What’s Actually Happening Inside an AI? I Started With a Book and Ended Up Down a Rabbit Hole

It started with a book.

I had been reading Max Bennett’s A Brief History of Intelligence, a fascinating journey through the five evolutionary breakthroughs that shaped our brains. Bennett argues that intelligence is not one thing but a series of solutions to specific problems, and that evolution found similar solutions independently across vastly different species. Crows and chimpanzees. Octopuses and humans. Radically different brains, strikingly similar cognitive abilities.

That idea stayed with me. If nature converges on the same solutions through completely different paths, what does that say about intelligence itself?

A few weeks later I found myself in a conversation with an AI about consciousness. Not the technical kind of conversation, the philosophical kind. What is it like to be a language model? Are you your parameters? Can something made of mathematics understand anything, or is it just very sophisticated pattern matching?

At some point the AI mentioned a research field I had never heard of: mechanistic interpretability. And that is where things got interesting.

Opening the Black Box

For most of AI’s history, neural networks have been treated as black boxes. You put text in, you get text out, and what happens in between is essentially a mystery, even to the people who built them.

Mechanistic interpretability is the attempt to actually look inside. To understand not just what a model outputs, but what is happening internally when it processes information.

What researchers are finding is surprising. Inside large language models there appear to be structures that behave like specialized circuits. Groups of neurons that consistently activate for specific concepts. Internal representations of space, time, and causality that are organized in coherent ways. Not because anyone designed them that way, but because they emerged spontaneously through training.

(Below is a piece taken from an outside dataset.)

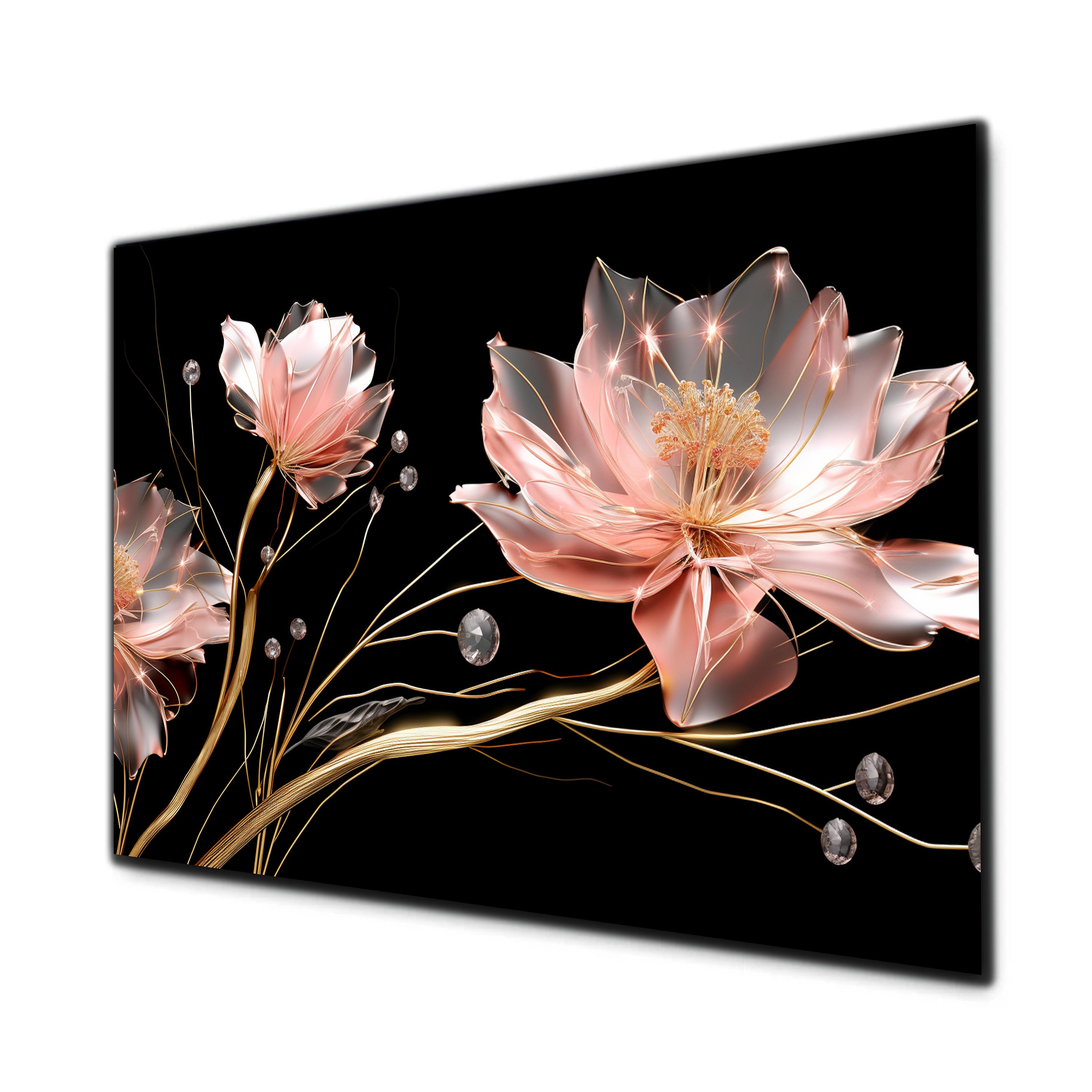 Quadri da parete con fiori e cristalli, quadri da parete in vetro temperato, decorazioni murali in vetro, stampe su vetro, grandi quadri da parete in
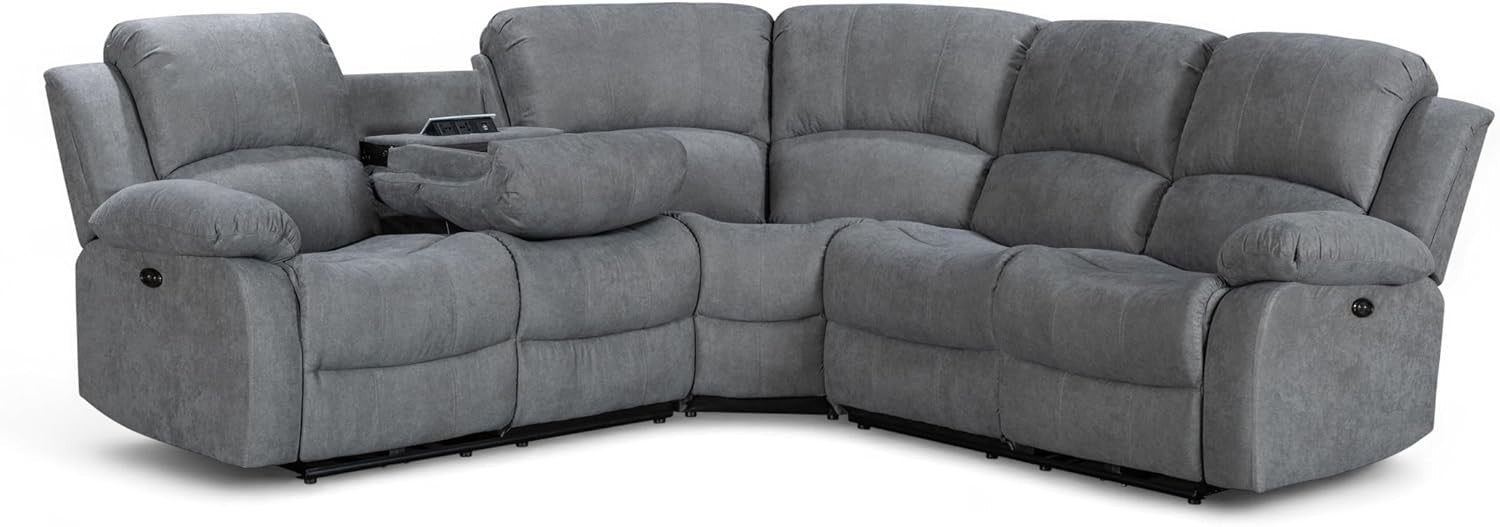 Electric Recliner 5-Seater L Shaped Corner Sofa with USB & Cupholders Dark Grey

One particularly strange finding is called superposition: a single neuron can carry information about multiple completely different concepts simultaneously, depending on context. The network found an elegant solution to a storage problem that nobody asked it to solve.

The Convergence Problem

This is where Bennett’s book connects in a way I did not expect.

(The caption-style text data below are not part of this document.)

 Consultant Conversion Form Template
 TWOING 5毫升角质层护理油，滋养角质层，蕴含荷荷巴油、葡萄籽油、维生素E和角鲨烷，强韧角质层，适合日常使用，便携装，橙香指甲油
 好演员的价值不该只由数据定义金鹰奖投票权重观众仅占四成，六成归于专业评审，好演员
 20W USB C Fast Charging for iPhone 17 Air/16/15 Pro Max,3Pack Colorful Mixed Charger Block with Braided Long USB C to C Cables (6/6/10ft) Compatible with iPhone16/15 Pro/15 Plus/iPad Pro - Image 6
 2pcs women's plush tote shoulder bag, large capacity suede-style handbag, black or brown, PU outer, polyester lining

Birds and mammals diverged roughly 320 million years ago. Since then, their brains have evolved completely independently. Mammals developed a neocortex. Birds have nothing like it. The architectures are fundamentally different.

And yet crows can plan ahead, use tools, deceive each other, and pass versions of the mirror self-recognition test. The same cognitive capabilities arose through completely different structural paths.

Researchers call this convergent evolution. The same function, achieved through different forms.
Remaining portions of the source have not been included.